The task calls for each record to be given again unchanged, minus any pictures.

>>>>

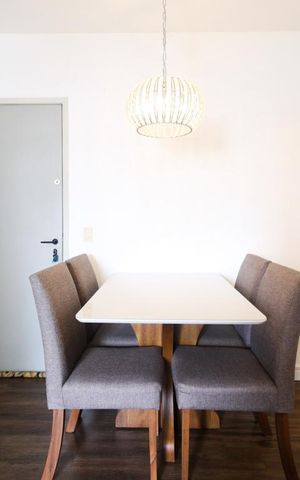 Apartamento para alugar com 44m², 2 quartos e 1 vaga Apartamento para alugar com 44m², 2 quartos e 1 vagaSala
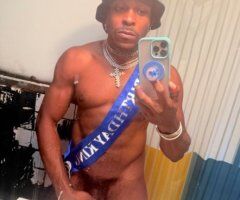 Detroit escorts - Detroit Birthday Weekend Turn-Up with a 6'9" Male Escort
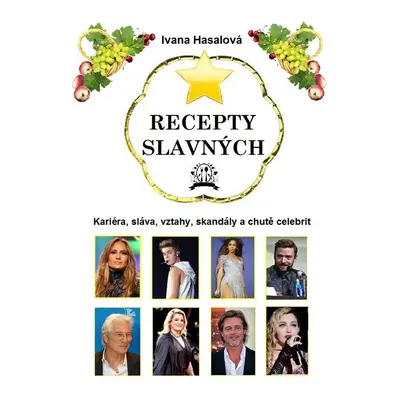 Recepty slavných - Ivana Hasalová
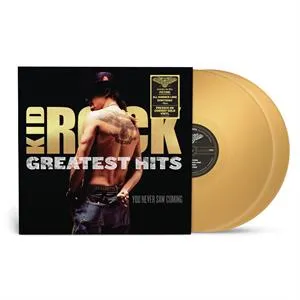 GREATEST HITS: YOU NEVER SAW COMING (LIMITED GOLD VINYL)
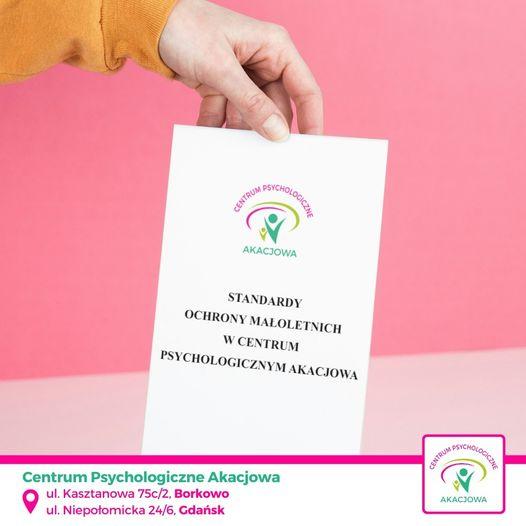 Standardy Ochrony małoletnich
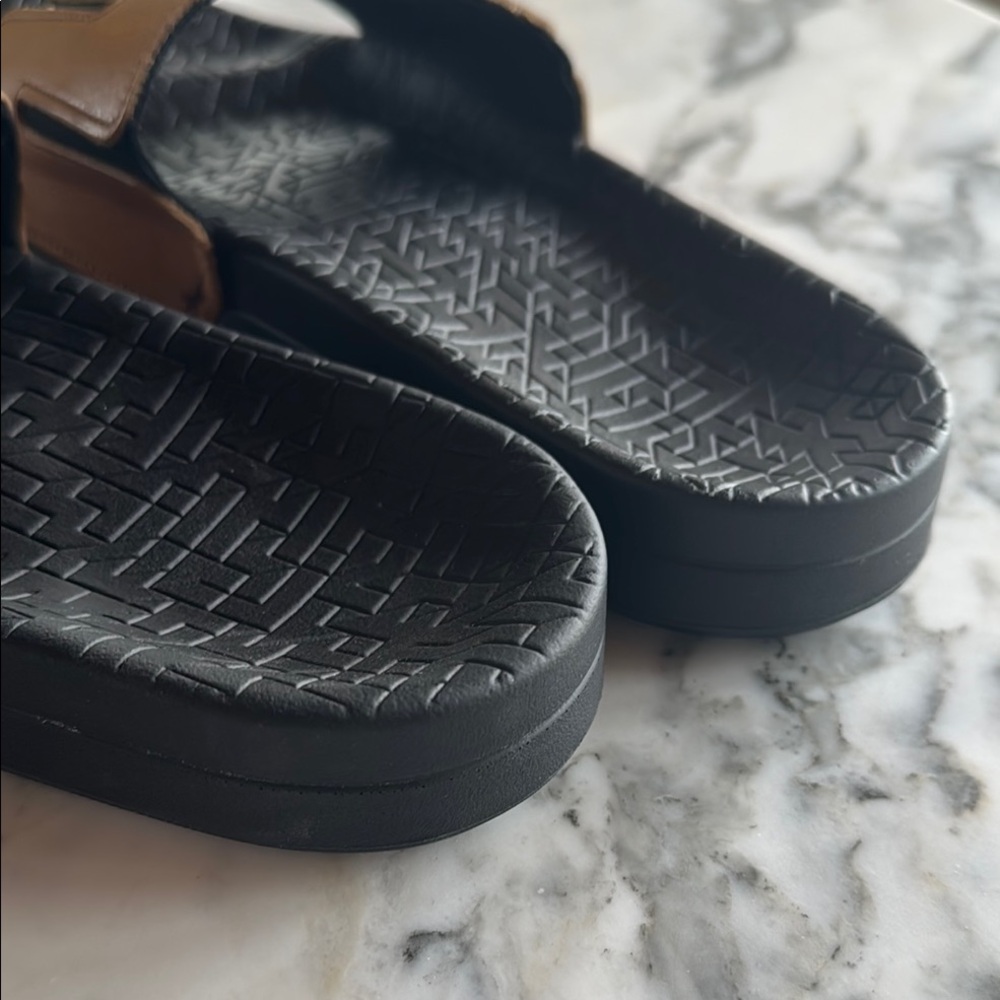 SAS Edge Float Sunstone Slide Sandal Flip Flop Women’s Size 9 - Picture 9 of 13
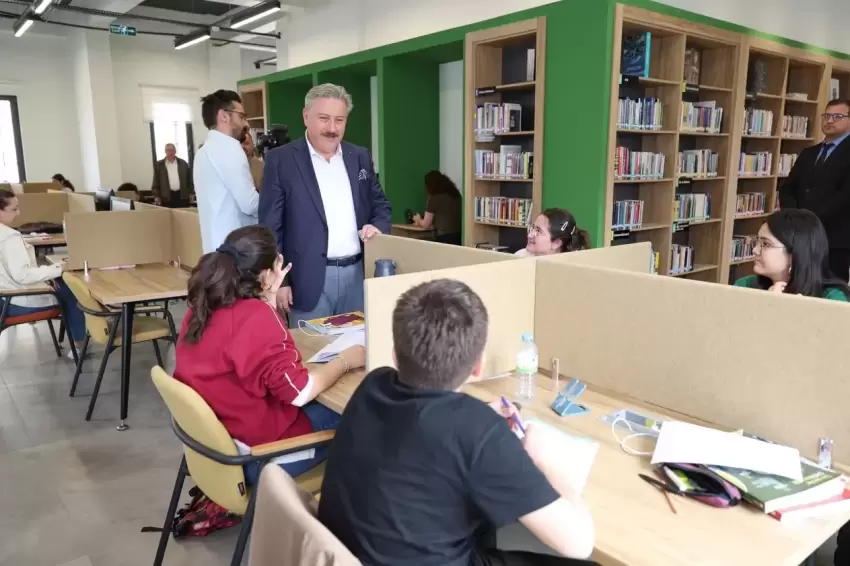 Kayseri Melikgazinin Akıl Küplerinden büyük başarı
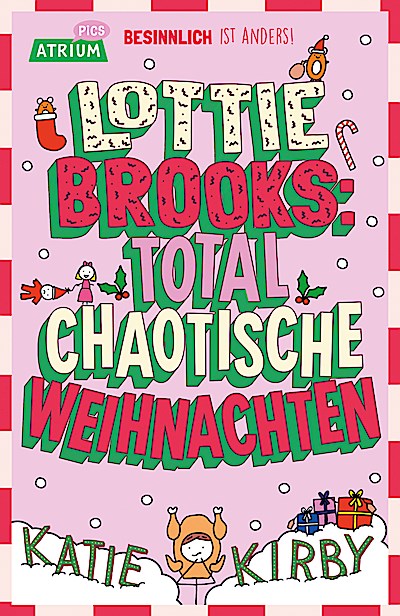 Lottie Brooks: Total chaotische Weihnachten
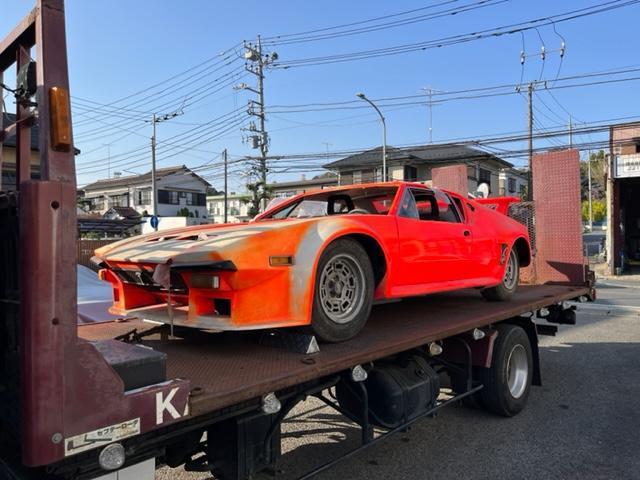 DE TOMASO PANTERA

<<<<

**Solution below**
 Apartamento para alugar com 44m², 2 quartos e 1 vaga Apartamento para alugar com 44m², 2 quartos e 1 vagaSala
 Detroit escorts - Detroit Birthday Weekend Turn-Up with a 6'9" Male Escort
 Recepty slavných - Ivana Hasalová
 GREATEST HITS: YOU NEVER SAW COMING (LIMITED GOLD VINYL)
 Standardy Ochrony małoletnich
 SAS Edge Float Sunstone Slide Sandal Flip Flop Women’s Size 9 - Picture 9 of 13
 Kayseri Melikgazinin Akıl Küplerinden büyük başarı
 Lottie Brooks: Total chaotische Weihnachten
 DE TOMASO PANTERA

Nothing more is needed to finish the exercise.